Instructions to follow |
Whatever comes before the line containing "Server Eva Krohnfeldt" stays out; transcribe that line and all that follow to the end of the records exactly, with no pictures.

Material for this task |

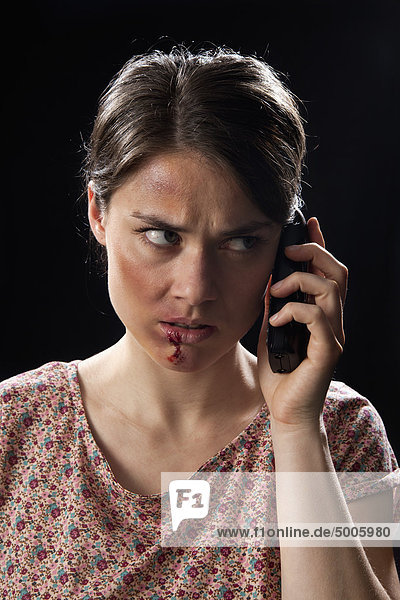 A beaten up woman using a cordless phone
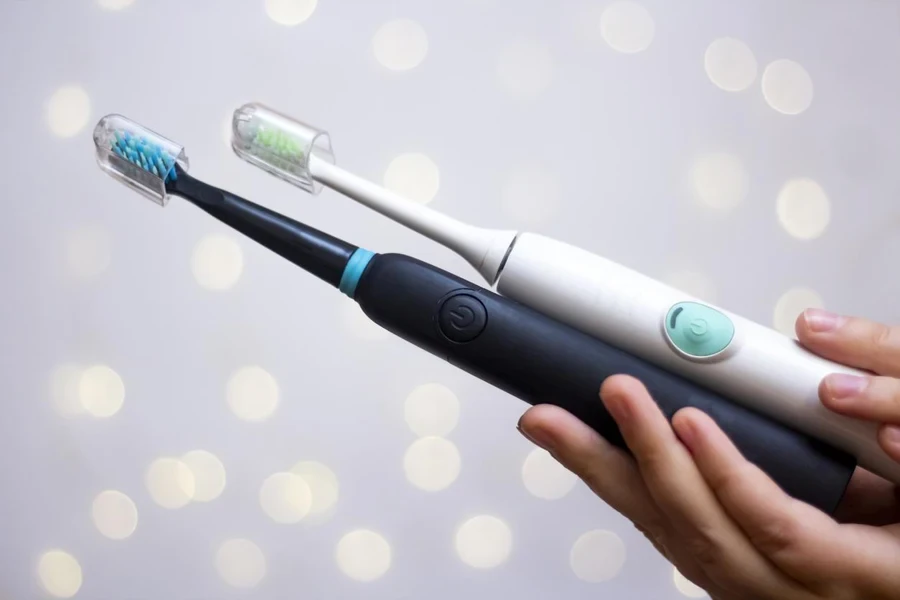 Two Electric Toothbrushes in Hands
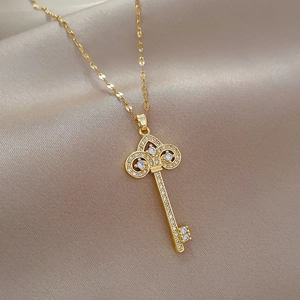 Luxurious gold crown key necklace with sparkling zircons on elegant beige silk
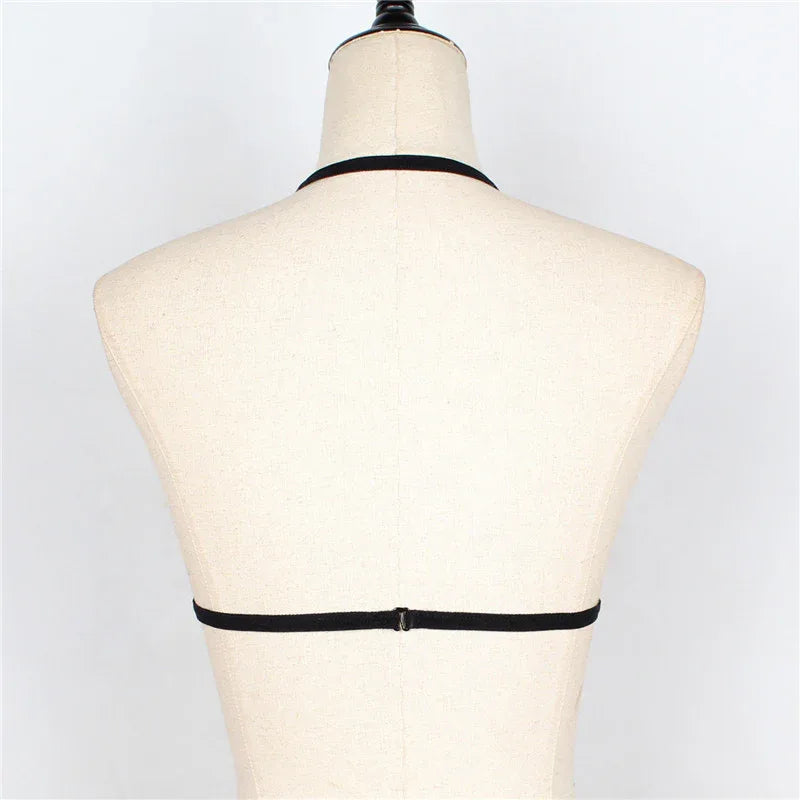 Back view: black lace halter bra with center tie strap closure
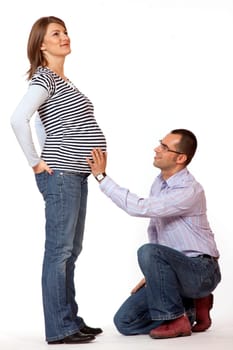 Happy young man and his pregnant wife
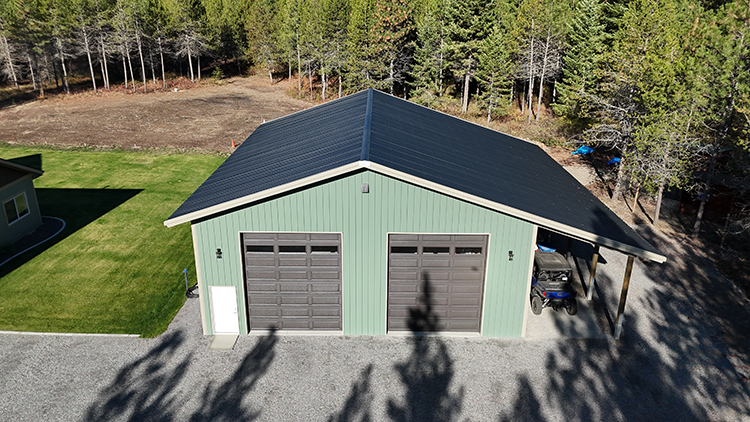 A 40x50 green metal building using post-frame construction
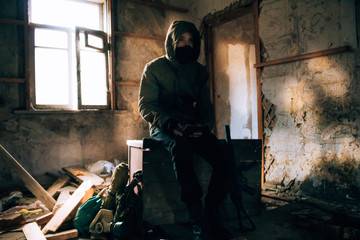 Fototapeta na wymiar Stalker, a soldier guy in uniform and with a gun sits in an old, abandoned house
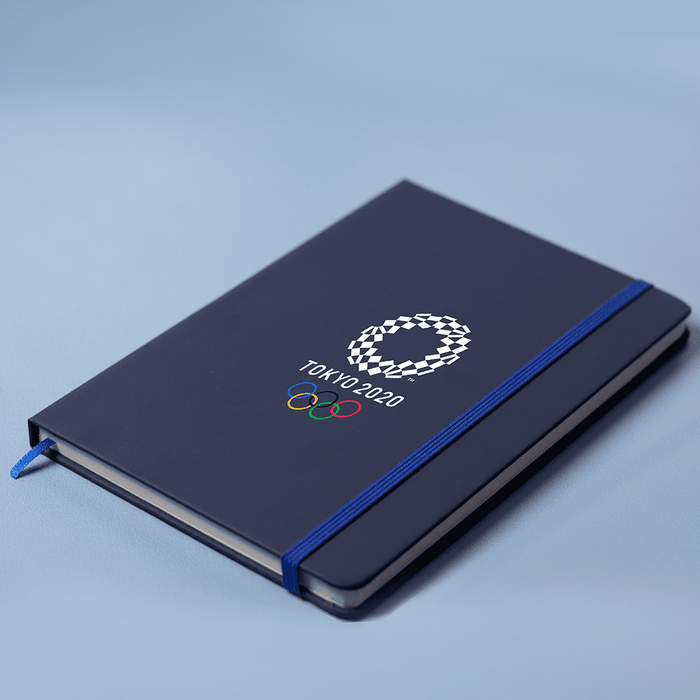 Space A5 Notebook - A navy A5 notebook with an elastic band closure and an Olympic-themed logo on the cover.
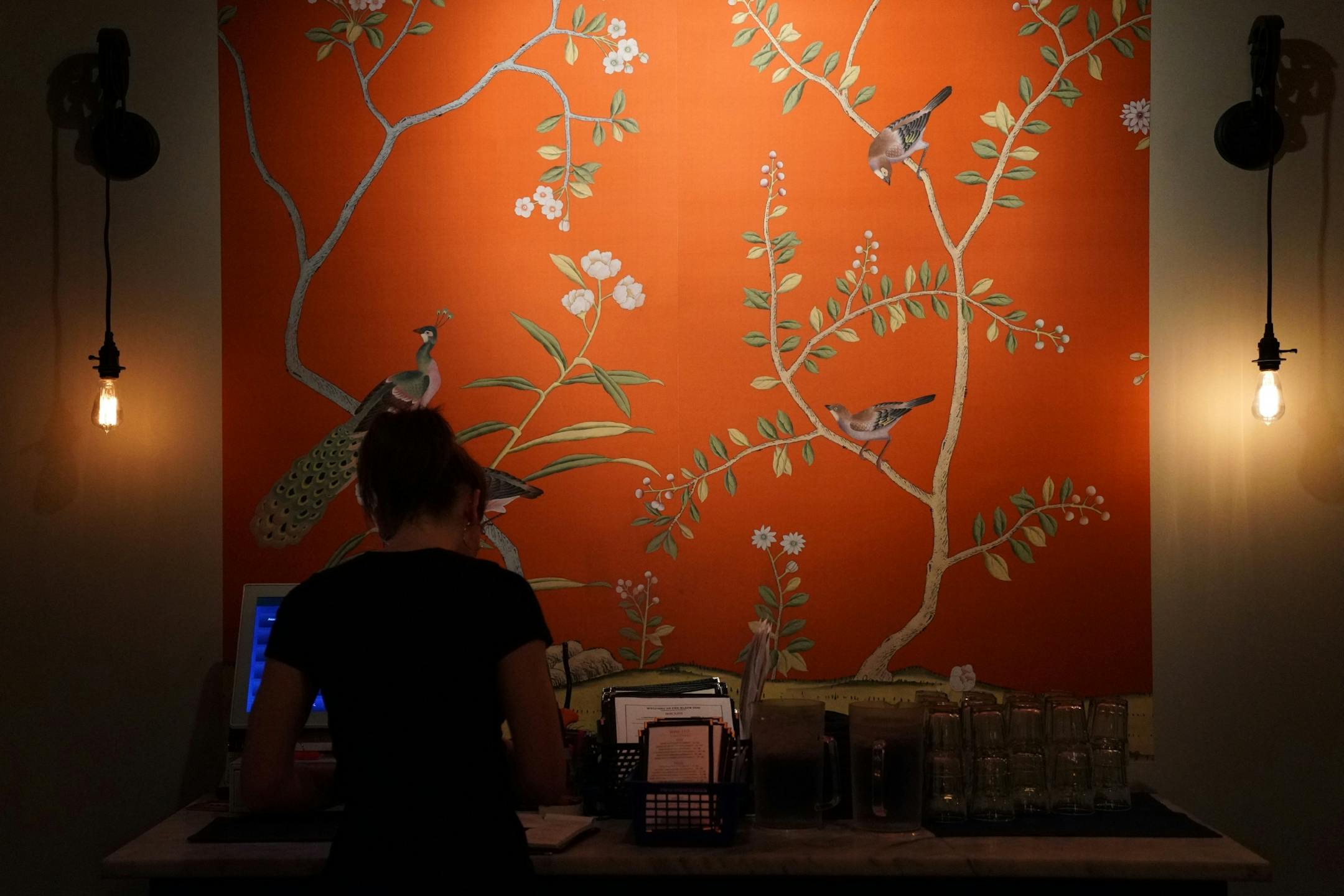 Server Eva Krohnfeldt rang up an order Saturday evening at the Black Dog Cafe.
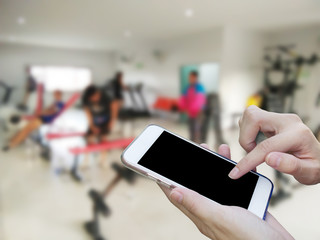 Woman using touch screen mobile phone with blur fitness gymt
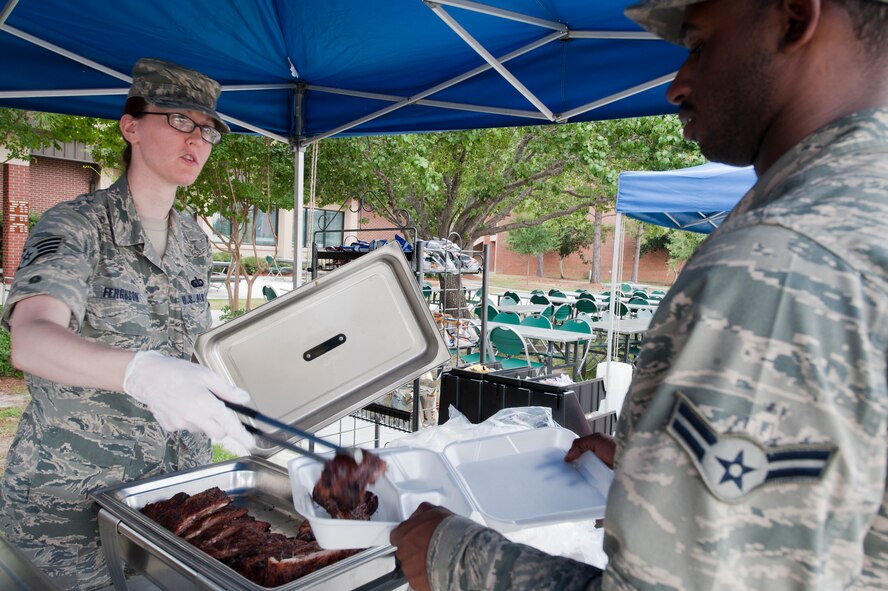 U.S. Air Force Staff Sgt. Holly Ferguson, a food services specialist with the 23rd Force Support Squadron (FSS), serves Airman 1st Class Antwan McGruder, 23rd Logistic Readiness Squadron, barbecued ribs during a 23rd FSS block party Aug. 30, 2011. The Georgia Pines Dining Facility is currently competing for the John L. Hennessy Award where if won, the facility will receive a trophy and money for facility upgrades.  (U.S. Air Force photo by Staff Sgt. Joshua J. Garcia/Released)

Result for this exercise |
 Server Eva Krohnfeldt rang up an order Saturday evening at the Black Dog Cafe.
 Woman using touch screen mobile phone with blur fitness gymt
 U.S. Air Force Staff Sgt. Holly Ferguson, a food services specialist with the 23rd Force Support Squadron (FSS), serves Airman 1st Class Antwan McGruder, 23rd Logistic Readiness Squadron, barbecued ribs during a 23rd FSS block party Aug. 30, 2011. The Georgia Pines Dining Facility is currently competing for the John L. Hennessy Award where if won, the facility will receive a trophy and money for facility upgrades.  (U.S. Air Force photo by Staff Sgt. Joshua J. Garcia/Released)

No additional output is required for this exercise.